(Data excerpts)

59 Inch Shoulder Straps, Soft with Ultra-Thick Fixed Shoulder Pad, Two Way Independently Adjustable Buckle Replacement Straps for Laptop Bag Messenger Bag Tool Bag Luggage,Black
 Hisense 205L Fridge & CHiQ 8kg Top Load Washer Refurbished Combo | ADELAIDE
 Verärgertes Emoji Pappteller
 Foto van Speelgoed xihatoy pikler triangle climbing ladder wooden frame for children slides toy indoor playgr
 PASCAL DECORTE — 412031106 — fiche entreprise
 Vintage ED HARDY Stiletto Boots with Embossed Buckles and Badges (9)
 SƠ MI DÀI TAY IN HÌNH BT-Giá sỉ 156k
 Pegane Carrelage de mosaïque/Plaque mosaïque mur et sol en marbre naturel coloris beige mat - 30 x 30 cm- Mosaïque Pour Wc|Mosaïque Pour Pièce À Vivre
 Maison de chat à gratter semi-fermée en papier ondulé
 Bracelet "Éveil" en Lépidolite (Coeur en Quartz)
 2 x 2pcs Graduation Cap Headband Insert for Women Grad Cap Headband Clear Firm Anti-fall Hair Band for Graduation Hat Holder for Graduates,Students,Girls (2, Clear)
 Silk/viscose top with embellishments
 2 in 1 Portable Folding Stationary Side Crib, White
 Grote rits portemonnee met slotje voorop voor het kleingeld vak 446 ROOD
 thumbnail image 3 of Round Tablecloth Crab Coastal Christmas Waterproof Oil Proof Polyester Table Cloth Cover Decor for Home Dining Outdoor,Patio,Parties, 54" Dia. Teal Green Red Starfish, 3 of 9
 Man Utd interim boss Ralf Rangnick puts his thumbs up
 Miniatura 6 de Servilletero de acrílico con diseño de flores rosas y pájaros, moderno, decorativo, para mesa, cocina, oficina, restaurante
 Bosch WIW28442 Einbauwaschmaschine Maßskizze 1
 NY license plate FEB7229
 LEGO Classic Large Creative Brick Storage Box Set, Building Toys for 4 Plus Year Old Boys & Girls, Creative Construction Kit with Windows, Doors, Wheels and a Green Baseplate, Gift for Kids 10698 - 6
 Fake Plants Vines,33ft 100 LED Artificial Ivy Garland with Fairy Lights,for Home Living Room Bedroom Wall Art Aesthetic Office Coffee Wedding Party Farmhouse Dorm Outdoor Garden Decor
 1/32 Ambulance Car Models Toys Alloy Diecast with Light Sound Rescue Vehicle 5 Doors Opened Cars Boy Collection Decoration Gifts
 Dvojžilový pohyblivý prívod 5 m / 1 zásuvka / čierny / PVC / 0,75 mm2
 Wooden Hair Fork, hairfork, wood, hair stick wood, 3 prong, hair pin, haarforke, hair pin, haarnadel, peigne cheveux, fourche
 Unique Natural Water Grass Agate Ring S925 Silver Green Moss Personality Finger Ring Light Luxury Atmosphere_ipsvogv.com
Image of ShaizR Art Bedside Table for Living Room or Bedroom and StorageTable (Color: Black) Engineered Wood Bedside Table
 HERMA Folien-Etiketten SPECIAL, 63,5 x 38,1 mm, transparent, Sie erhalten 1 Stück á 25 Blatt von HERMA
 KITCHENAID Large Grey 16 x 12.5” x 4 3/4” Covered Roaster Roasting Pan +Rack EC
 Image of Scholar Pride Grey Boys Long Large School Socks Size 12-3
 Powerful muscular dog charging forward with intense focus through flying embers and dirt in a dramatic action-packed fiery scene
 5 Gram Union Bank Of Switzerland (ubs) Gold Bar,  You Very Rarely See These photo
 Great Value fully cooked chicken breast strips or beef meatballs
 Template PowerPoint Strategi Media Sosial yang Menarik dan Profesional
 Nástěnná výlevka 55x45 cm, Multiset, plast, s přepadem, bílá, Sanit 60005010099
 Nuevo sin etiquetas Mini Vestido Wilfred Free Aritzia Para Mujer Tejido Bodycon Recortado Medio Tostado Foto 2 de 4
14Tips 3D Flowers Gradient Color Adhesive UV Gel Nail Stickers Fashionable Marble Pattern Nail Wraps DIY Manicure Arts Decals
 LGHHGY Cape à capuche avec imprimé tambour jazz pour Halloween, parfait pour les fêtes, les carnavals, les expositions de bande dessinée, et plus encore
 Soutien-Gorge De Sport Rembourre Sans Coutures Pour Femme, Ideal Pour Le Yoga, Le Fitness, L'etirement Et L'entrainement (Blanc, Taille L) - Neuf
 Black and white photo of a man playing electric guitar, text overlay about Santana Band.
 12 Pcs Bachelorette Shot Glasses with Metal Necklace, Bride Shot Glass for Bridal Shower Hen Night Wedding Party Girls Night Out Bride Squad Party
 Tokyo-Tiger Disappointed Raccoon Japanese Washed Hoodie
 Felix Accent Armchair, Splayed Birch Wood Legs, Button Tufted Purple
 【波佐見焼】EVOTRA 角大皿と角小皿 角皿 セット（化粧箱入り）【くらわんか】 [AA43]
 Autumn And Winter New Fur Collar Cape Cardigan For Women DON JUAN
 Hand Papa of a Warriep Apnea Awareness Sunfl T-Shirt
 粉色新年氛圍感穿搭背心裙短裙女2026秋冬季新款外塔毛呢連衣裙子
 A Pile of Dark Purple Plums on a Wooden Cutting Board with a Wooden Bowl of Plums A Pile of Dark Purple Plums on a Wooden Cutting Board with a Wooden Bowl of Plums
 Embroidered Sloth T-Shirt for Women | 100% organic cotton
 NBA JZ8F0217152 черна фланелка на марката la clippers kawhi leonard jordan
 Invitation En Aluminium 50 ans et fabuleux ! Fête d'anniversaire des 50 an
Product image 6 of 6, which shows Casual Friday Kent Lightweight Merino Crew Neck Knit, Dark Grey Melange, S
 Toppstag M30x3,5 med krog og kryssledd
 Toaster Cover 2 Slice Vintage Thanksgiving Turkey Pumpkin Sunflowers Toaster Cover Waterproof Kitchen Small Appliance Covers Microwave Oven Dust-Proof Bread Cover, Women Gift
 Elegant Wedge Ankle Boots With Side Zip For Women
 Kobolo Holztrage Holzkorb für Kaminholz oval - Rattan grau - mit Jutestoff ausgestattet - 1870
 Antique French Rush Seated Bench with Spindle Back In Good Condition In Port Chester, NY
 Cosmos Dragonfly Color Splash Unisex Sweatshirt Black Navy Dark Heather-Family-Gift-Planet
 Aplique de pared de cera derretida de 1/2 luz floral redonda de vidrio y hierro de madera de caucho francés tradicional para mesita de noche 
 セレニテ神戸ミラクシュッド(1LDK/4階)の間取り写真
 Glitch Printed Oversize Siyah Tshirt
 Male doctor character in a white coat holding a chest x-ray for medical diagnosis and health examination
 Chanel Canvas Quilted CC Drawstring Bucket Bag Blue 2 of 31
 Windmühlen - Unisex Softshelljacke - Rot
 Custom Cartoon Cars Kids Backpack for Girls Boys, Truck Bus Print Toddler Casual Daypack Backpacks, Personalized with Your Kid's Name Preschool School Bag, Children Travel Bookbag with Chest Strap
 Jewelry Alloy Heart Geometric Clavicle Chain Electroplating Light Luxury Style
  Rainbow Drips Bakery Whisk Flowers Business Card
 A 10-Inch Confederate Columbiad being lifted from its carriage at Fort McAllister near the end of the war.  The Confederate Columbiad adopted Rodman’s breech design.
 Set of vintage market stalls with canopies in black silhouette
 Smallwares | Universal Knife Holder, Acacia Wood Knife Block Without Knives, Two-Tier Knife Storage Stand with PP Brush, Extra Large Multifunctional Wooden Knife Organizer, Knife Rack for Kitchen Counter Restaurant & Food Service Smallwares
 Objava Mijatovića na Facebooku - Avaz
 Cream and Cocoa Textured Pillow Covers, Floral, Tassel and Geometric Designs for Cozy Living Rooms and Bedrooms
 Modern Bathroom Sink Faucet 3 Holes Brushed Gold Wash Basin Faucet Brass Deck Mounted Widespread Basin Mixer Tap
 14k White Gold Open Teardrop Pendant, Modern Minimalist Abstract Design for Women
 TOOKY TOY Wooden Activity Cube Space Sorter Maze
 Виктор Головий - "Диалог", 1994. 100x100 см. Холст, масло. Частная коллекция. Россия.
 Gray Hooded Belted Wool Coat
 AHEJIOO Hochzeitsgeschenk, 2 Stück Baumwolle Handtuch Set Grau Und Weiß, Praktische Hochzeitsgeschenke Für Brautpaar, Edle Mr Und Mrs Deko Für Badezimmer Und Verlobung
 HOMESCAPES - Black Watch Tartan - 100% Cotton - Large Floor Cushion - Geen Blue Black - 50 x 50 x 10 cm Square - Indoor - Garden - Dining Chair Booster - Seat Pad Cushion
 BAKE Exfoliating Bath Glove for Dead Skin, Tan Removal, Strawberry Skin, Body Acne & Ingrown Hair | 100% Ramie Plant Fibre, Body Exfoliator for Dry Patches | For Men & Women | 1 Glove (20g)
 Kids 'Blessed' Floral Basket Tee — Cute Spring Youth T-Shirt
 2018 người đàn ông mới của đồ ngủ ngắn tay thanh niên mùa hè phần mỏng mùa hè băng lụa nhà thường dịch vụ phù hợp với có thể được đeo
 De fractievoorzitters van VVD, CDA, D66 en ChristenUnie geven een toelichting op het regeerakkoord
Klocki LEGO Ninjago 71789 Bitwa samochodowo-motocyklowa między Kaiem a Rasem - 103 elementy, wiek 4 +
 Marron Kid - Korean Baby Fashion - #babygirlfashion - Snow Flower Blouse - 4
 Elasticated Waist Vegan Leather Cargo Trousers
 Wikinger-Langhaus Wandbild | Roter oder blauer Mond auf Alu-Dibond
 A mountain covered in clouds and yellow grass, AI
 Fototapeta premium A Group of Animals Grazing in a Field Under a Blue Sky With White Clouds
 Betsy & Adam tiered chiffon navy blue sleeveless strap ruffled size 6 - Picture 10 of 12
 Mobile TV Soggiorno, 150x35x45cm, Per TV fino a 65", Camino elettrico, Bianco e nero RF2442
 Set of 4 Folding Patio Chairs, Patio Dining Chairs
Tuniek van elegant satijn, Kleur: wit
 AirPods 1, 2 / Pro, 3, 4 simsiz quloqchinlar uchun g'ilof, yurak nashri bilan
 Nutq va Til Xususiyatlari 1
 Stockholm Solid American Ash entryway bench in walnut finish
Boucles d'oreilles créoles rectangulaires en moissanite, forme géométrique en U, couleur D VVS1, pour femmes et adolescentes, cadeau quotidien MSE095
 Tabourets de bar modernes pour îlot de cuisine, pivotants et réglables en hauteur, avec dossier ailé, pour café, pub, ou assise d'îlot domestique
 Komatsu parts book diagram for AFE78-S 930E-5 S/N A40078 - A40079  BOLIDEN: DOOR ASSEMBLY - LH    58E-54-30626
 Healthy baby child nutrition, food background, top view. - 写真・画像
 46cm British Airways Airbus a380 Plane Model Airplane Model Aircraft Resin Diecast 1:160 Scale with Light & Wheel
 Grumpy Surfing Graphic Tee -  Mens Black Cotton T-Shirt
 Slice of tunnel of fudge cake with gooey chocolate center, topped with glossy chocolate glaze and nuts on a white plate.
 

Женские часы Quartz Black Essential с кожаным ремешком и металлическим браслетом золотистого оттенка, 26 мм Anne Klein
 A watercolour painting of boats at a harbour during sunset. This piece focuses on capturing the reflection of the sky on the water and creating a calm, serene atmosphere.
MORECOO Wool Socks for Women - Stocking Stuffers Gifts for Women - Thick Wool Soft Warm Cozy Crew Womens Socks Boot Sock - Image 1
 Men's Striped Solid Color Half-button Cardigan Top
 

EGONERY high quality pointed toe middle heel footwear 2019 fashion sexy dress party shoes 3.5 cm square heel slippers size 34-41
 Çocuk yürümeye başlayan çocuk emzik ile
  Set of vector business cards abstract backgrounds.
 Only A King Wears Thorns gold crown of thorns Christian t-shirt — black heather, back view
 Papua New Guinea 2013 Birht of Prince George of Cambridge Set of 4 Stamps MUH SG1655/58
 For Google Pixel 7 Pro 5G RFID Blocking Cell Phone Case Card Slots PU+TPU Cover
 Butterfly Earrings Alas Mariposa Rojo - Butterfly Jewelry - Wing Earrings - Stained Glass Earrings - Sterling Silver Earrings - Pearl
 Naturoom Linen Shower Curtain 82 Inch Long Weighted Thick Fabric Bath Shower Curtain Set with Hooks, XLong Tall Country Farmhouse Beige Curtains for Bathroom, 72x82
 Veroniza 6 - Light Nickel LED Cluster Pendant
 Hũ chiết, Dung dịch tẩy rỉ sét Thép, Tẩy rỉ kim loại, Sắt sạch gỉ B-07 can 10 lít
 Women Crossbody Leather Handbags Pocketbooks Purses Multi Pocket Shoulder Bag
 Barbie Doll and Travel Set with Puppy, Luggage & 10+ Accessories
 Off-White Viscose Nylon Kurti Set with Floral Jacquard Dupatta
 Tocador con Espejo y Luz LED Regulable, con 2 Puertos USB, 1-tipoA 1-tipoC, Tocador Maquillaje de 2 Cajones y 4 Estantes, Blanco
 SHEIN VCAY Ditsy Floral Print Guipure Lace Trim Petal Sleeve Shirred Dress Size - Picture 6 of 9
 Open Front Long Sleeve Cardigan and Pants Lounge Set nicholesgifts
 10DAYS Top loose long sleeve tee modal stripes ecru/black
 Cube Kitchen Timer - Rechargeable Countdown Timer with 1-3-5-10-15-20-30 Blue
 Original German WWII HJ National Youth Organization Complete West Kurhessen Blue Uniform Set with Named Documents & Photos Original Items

**WORK REQUEST:** Look above for the line with "Black and white" and the line with "Toppstag M30x3,5 med krog og kryssledd"; transcribe both and all lines in between, exactly, and nothing else.

**SOLVED EXERCISE:**
 Black and white photo of a man playing electric guitar, text overlay about Santana Band.
 12 Pcs Bachelorette Shot Glasses with Metal Necklace, Bride Shot Glass for Bridal Shower Hen Night Wedding Party Girls Night Out Bride Squad Party
 Tokyo-Tiger Disappointed Raccoon Japanese Washed Hoodie
 Felix Accent Armchair, Splayed Birch Wood Legs, Button Tufted Purple
 【波佐見焼】EVOTRA 角大皿と角小皿 角皿 セット（化粧箱入り）【くらわんか】 [AA43]
 Autumn And Winter New Fur Collar Cape Cardigan For Women DON JUAN
 Hand Papa of a Warriep Apnea Awareness Sunfl T-Shirt
 粉色新年氛圍感穿搭背心裙短裙女2026秋冬季新款外塔毛呢連衣裙子
 A Pile of Dark Purple Plums on a Wooden Cutting Board with a Wooden Bowl of Plums A Pile of Dark Purple Plums on a Wooden Cutting Board with a Wooden Bowl of Plums
 Embroidered Sloth T-Shirt for Women | 100% organic cotton
 NBA JZ8F0217152 черна фланелка на марката la clippers kawhi leonard jordan
 Invitation En Aluminium 50 ans et fabuleux ! Fête d'anniversaire des 50 an
Product image 6 of 6, which shows Casual Friday Kent Lightweight Merino Crew Neck Knit, Dark Grey Melange, S
 Toppstag M30x3,5 med krog og kryssledd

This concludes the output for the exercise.